The years rolled by but the pain never seemed to
diminish.
Stella couldn't fight off the depression which had
settled in her life.
Her devoted family had been supportive. Joyful. Until
the abysmal day their daughter,Sue Ellen, went missing on the
prairie. Sue Ellen had wandered away from her home while her mother
had been busy working in the garden.
When Sue Ellen was born she'd become the apple of her
mother's eye. She had golden curls. Her eyes brighter than the blue
of the ocean. She had the look of an angel. Sue Ellen brought much
joy to her family.
On the fateful day in June with the ghostly mist rolling
over the prairie, Stella looked up from her work. She searched for
Sue Ellen but she no longer played where she had been, when Stella
began her work. Stella dropped her garden fork from her lifeless
fingers.
“Sue Ellen. Sue Ellen.” Stella ran between all the
flower beds trying to find her daughter.
Sue Ellen didn't answer her mother's call. She didn't
arrive to see what her mother wanted.
Stella became frantic.
Her beautiful daughter wasn't anywhere in the garden
area. None of the family were home to help her search for Sue Ellen.

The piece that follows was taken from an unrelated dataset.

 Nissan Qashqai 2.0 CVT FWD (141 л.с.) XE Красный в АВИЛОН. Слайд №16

She rushed in the house to go through every room. No
sign had been found to tell her Sue Ellen had been inside. Stella
knew she needed expert knowledge to find her daughter.
She rushed from the house with her long skirt held high
so it didn't impede her run through the tall grass. Stella ran fast
to reach the town two miles from her home. The first build she
reached was the school. Families were there waiting to collect their
children.
“I need help. My daughter is missing.” Stella
struggled to puff the words from her mouth. She bent over to relieve
the stitch in her side.
Within half an hour, family members and friends, set
forth from the garden at Stella's home to search for Sue Ellen.

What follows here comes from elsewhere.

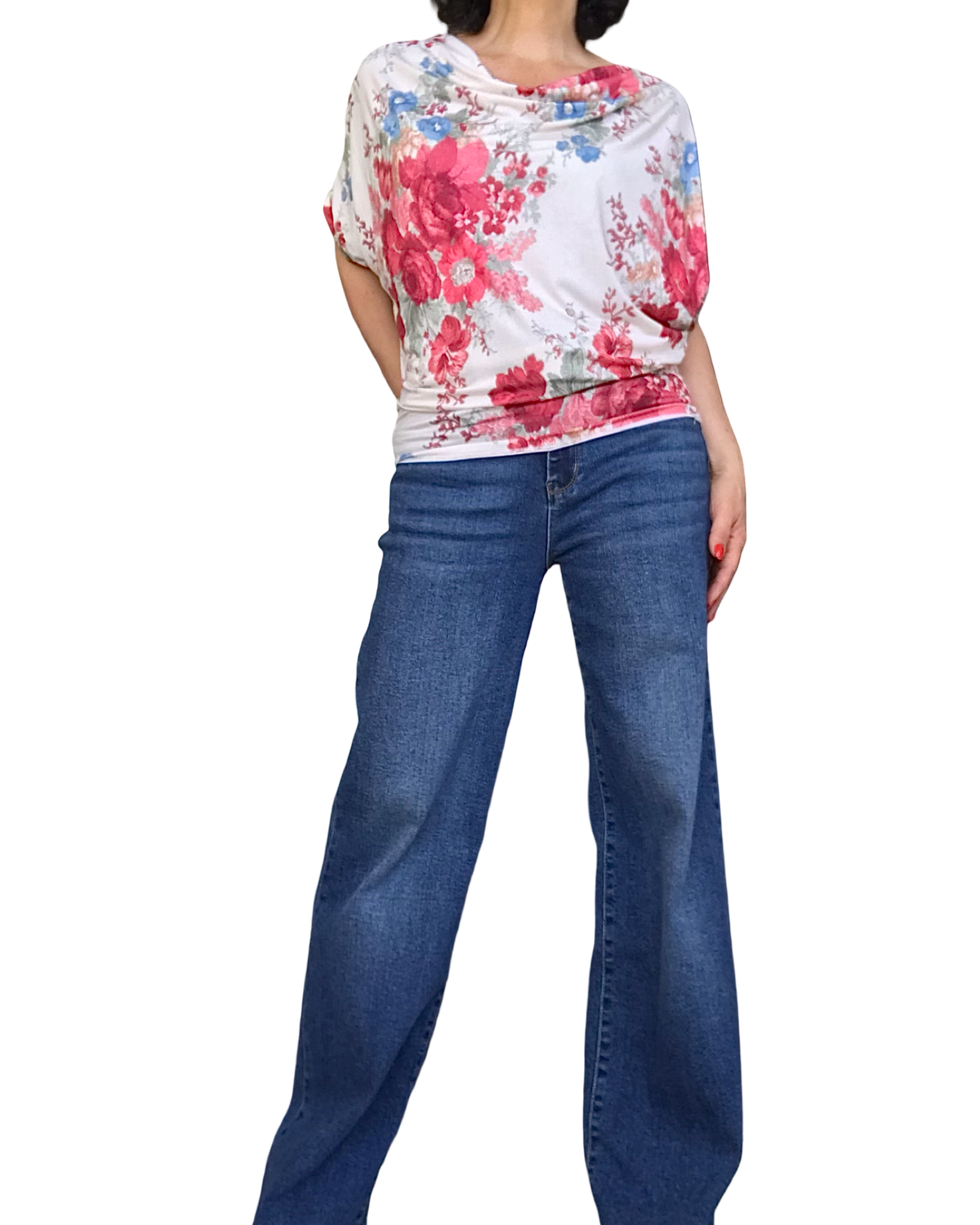 T-shirt fleuri rouge col baveu, plissé sur les côtés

People scoured for miles looking for her until the sun was finally
blocked out by the mist. The search leader was on the verge of
calling off the search for the day so no one else was lost in the
darkness,, or became hurt.
“Doctor. Where's the doctor.” A tall, heavy set man
came rushing out of the mist toward the group of searchers. In his
brawny arms, he carried a frail, lifeless body, her clothes dripping
wet, with tears streaming down his dirt covered cheeks.

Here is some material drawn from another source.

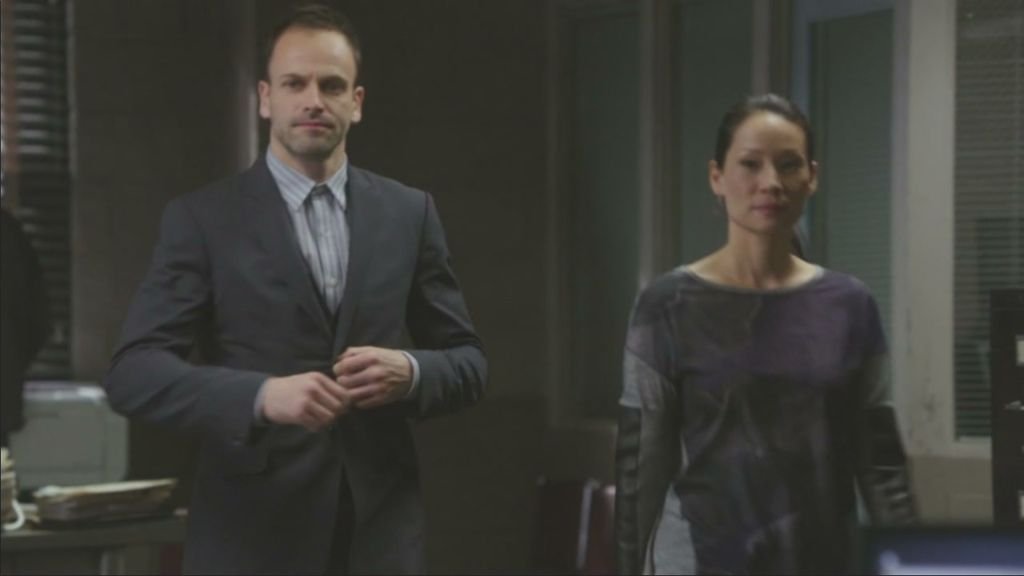 福爾摩斯：演繹法.Elementary.S02E13.All.In.The.Family.720p.HDTV.x264[(061206)15-31-59]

The doctor rushed forward.
The man gently lay his burden on the ground. He prayed
he'd find the doctor in time to save the precious little girl. He
eagerly waited for the doctor to examine her. The doctor pulled the
stethoscope from his ears. He looked up at the giant of a man waiting
to be told good news. The bleak look in the doctor's eyes told the
story.
Sue Ellen was dead.
The family, and all the searches, were devastated with
the tragic news.
Stella screamed while she cuddled the lifeless body of
her darling daughter to her chest.
Donald knelt beside his wife to try to console her while
they grieved for their loss.
Sue Ellen was laid to rest under the old oak tree at the
bottom of the flower garden.
Donald held his wife tightly to his side so she didn't
escape to reach for their daughter when the coffin was lowered into
the ground. Vicki, and Debbie, stood beside their parents to say
their final farewell to their little sister.
Stella never recovered from the loss of Sue Ellen.
Her once beautiful flower garden died from lack of
attention, and loving care. The beds were pulled out to let the
ground lay fallow, to return to grass and weeds. The only plants
Stella planted were tomato plant, which she kept in large planter on
the kitchen patio. Nothing else was planted to block her view on the
angel which rested at the head of Sue Ellen's grave.
Each year, the winter winds blew across the prairie,
Stella entered a world of make-believe. She watched Sue Ellen play
among the once beautiful flower beds to hide from her mother.
Even though another daughter, Libby, had been born into
the family a year later, Stella didn't let herself love her new
daughter the way she loved Sue Ellen. She was an interloper who took
the place of Sue Ellen. Stella cared for her family but her heart was
buried with Sue Ellen.
She blamed herself for the death of her daughter.
She should have kept a better watch over her.
“You can't see me, Mummy. I'm invisible,” echoed
through Stella's thoughts. She came back from her memories to find
Libby trying to hide behind the tomato bush.
“Get away from there your blaster nuisance.” Stella
didn't like anyone near her tomato bush. Especially, no Libby. She
had been conceived in a time of sorrow, not love. Libby would never
replace Sue Ellen.
Debbie and Vicki, also felt their mother had locked up
her heart the day Sue Ellen had died. She didn't talk too much to
them. The love, and fun, which their mother had shared with all the
family no longer existed.
Stella didn't even realise her fifteen year old daughter
Vicki wasn't well. She had tried to explain to her mother but she
didn't listen. She listened with one ear and forgot by the time the
news reached her brain. Vicki had to find help else where.
Each year, Stella picked the first of the tomatoes from
the plant. No one was allowed to eat them because she let the tomato
shrivel, collected the seed, placed them in a bottle, to be use for
the next year. The seeds were the descendants of the first plant Sue
Ellen had helped her mother plant the day she passed from this earth.